For her Fellowship project, generously funded by the Francois Wallace Monahan fund in memory of Michael Insel, Dr. Dejoux will profile patient blood and tissue samples to characterize the relationship between pancreatic cancer and the B cell immune response. Her studies involve quantifying anti-tumor autoantibodies from patient blood samples and correlating their levels with patient survival.

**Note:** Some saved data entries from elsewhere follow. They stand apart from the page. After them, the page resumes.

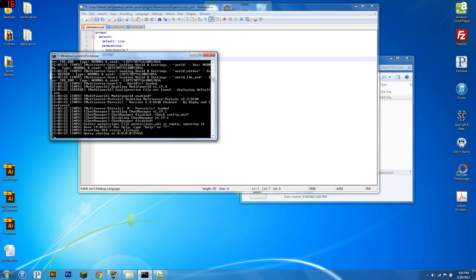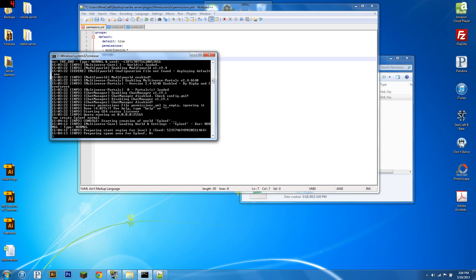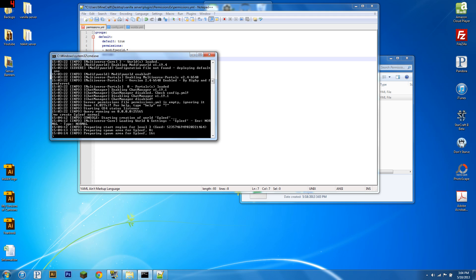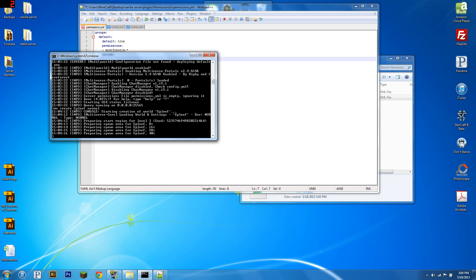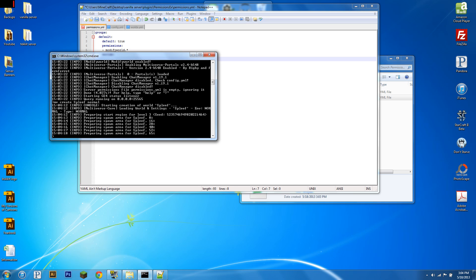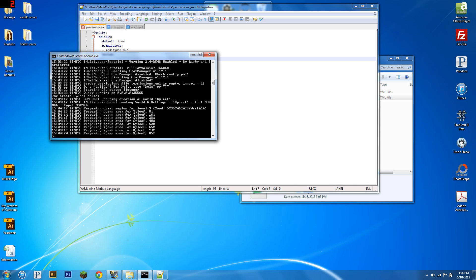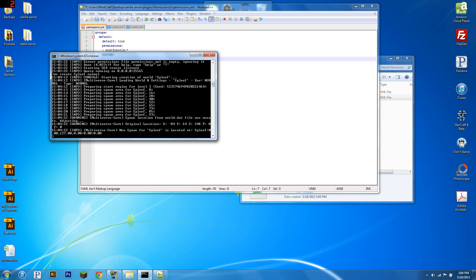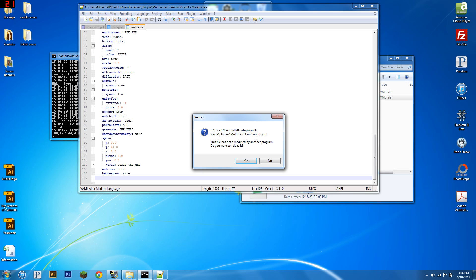So to create another world, you're going to go into your console and type 'MV create' followed by your world name. We're going to call our world Spleef — even though it's not a Spleef world — and it's a normal world, so we type 'normal' after it. So now it's creating Spleef — this can take a sec — and you can do these commands from in-game as well if you have the correct permissions. There we go, now we have a Spleef world.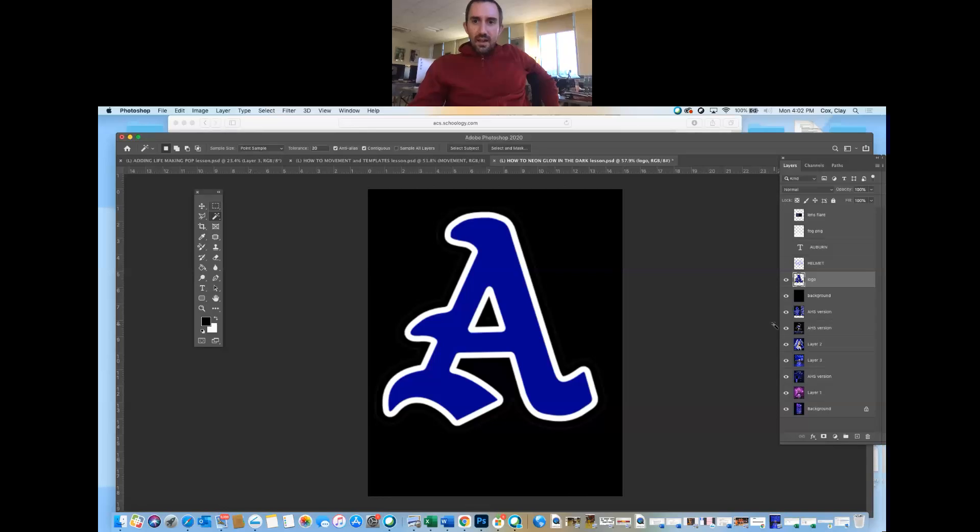Hey guys, I have to keep it quick today. I got to get home. It's kind of later in the afternoon. So I'm going to share the screen and show you guys how to do a neon lights effect.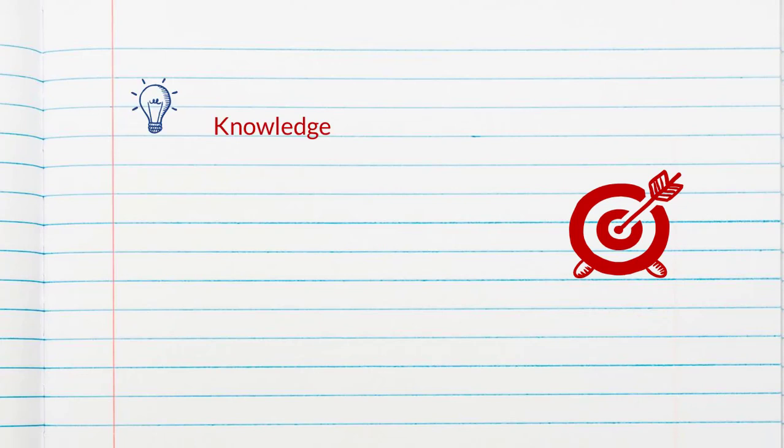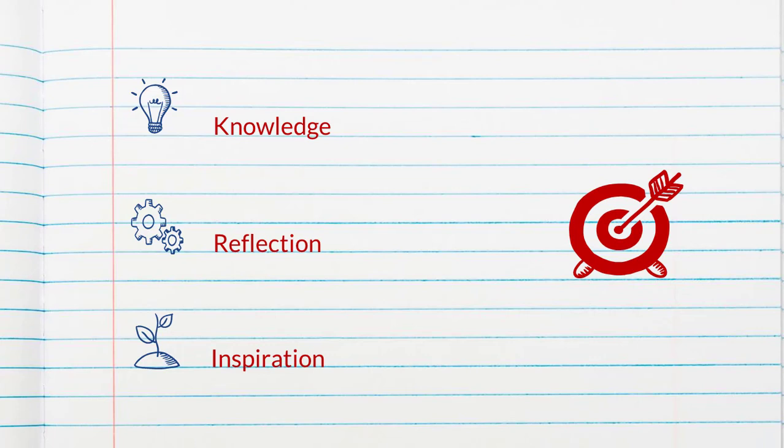My main goals are to share knowledge and information, to get those gears turning and invite you to reflect on practices and beliefs and hopefully to inspire you, whether it is in terms of what you do in the classroom or to do more research because we certainly need it.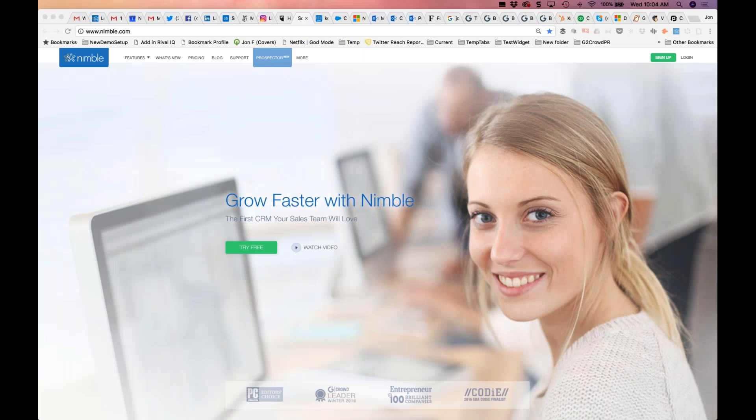Thank you so much. Good morning, good afternoon, and good evening to our global Nimble community. My name is John Farrar, I'm the CEO of Nimble, and this is a special edition of our weekly Wednesday Nimble Overview walkthrough.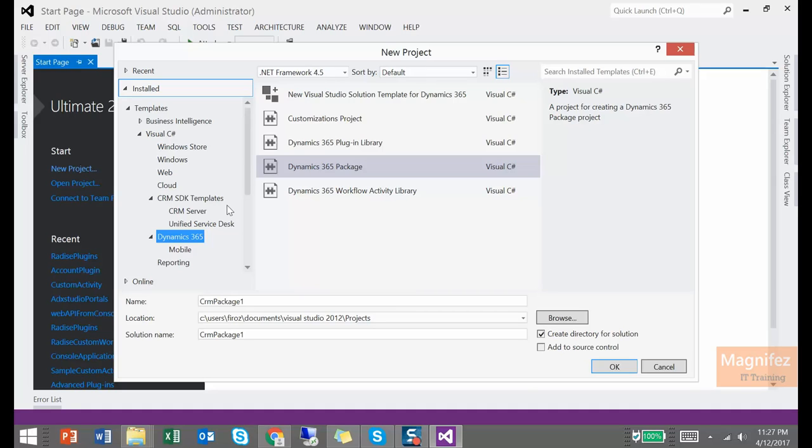So how you develop your application for Dynamics CRM with the help of developer toolkit, that we will explain in another video. So thanks for watching.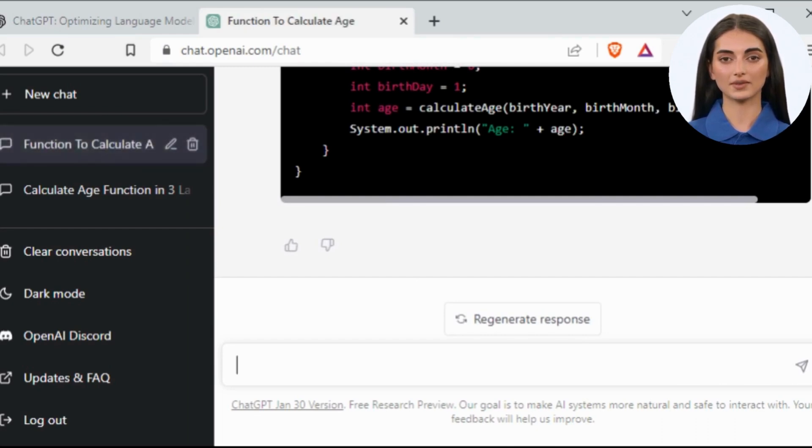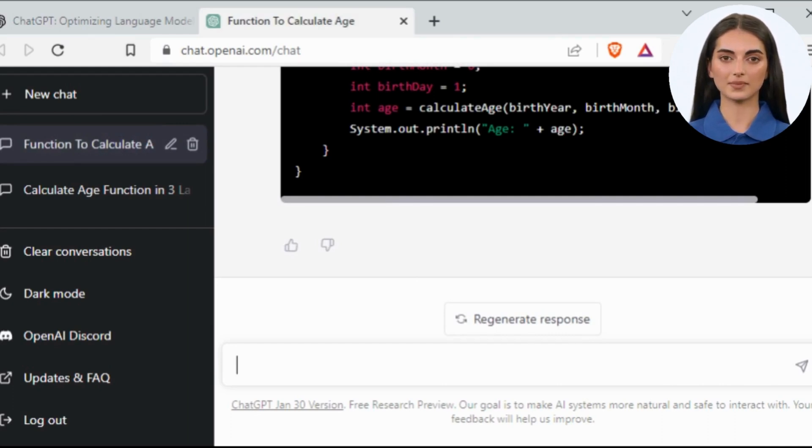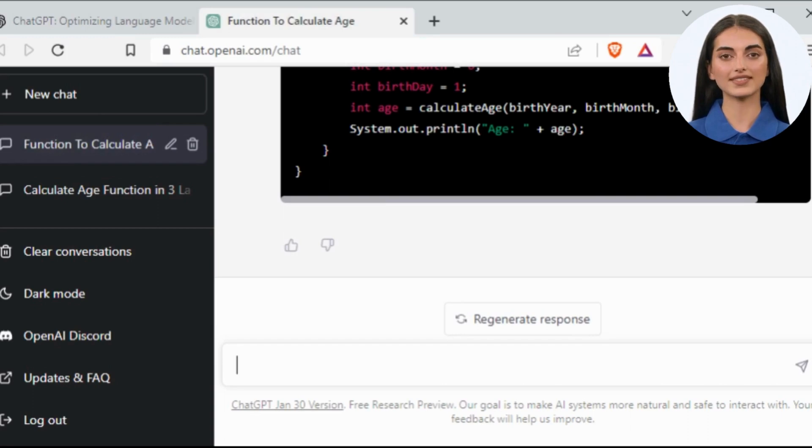There you go, ChatGPT has written this function in three different languages for me. Isn't it amazing?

Furthermore, Dr. Dejoux will isolate these anti-tumor autoantibodies and B cells from patient blood samples for deeper characterization and functional studies using a pancreatic cancer mouse model. Dr. Dejoux hypothesizes that patients have B cells that produce anti-tumor antibodies which recognize “dark genome” proteins -- special proteins made from hidden parts of DNA that scientists once thought were non-functional. Although normally silent in healthy cells, these dark genome genes have been found to be activated in pancreatic cancer cells, serving as a tumor-specific target for the anti-tumor B cell response. She predicts that unlocking the hidden immune response to the dark genome proteins in pancreatic tumors will open the door for developing vaccines to exploit the anti-tumor B cell response. This research may also allow the use of autoantibody profiles as biomarkers to stratify patients and guide patient care management.
Overall, this work will provide novel insights into the role of naturally occurring anti-tumor antibodies in pancreatic cancer patients and how they may function to delay disease progression. Dr. Dejoux is hopeful that this translational work will ultimately help improve patient outcomes.